So that the copy stays text only, transcribe the data below exactly and exclude the images.

Data excerpt -
◆ ◆ ◆ ◆
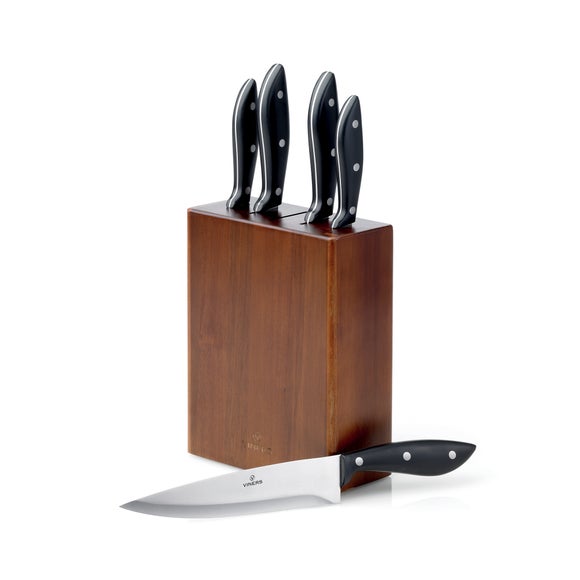 Viners Delta 5 Piece Knife Block Set Dunelm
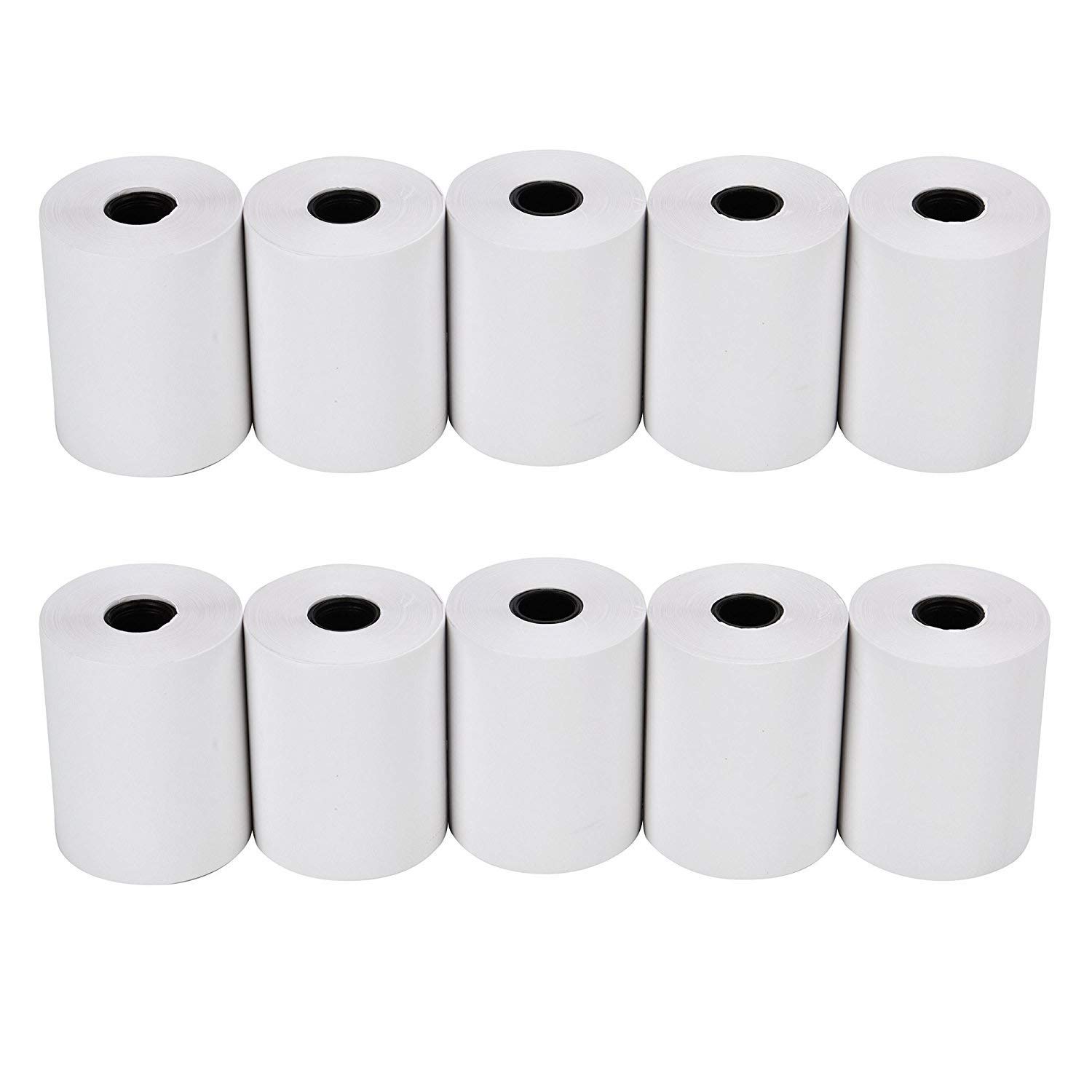 Solar-Power 3 1/8 Thermal Paper 10 Rolls for POS Cash Register Receipt Paper Roll 1-Ply Bond((3-1/8 inch x 230 feet)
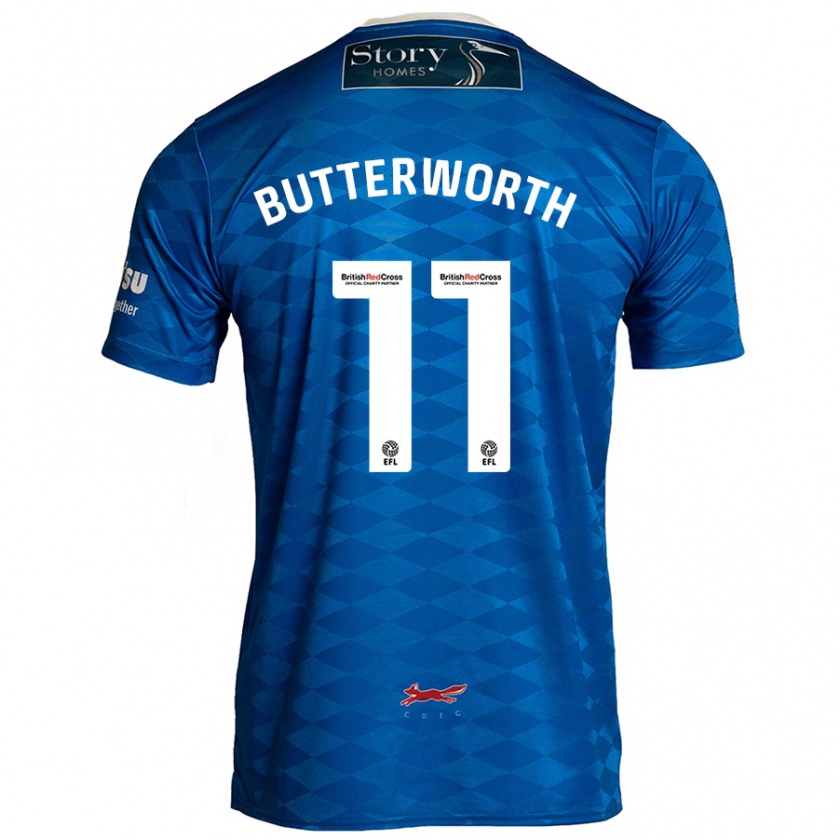 Kandiny Gyermek Daniel Butterworth #11 Kék Hazai Jersey 2024/25 Mez Póló Ing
◆ ◆ ◆ ◆
Expected output -
 Viners Delta 5 Piece Knife Block Set Dunelm
 Solar-Power 3 1/8 Thermal Paper 10 Rolls for POS Cash Register Receipt Paper Roll 1-Ply Bond((3-1/8 inch x 230 feet)
 Kandiny Gyermek Daniel Butterworth #11 Kék Hazai Jersey 2024/25 Mez Póló Ing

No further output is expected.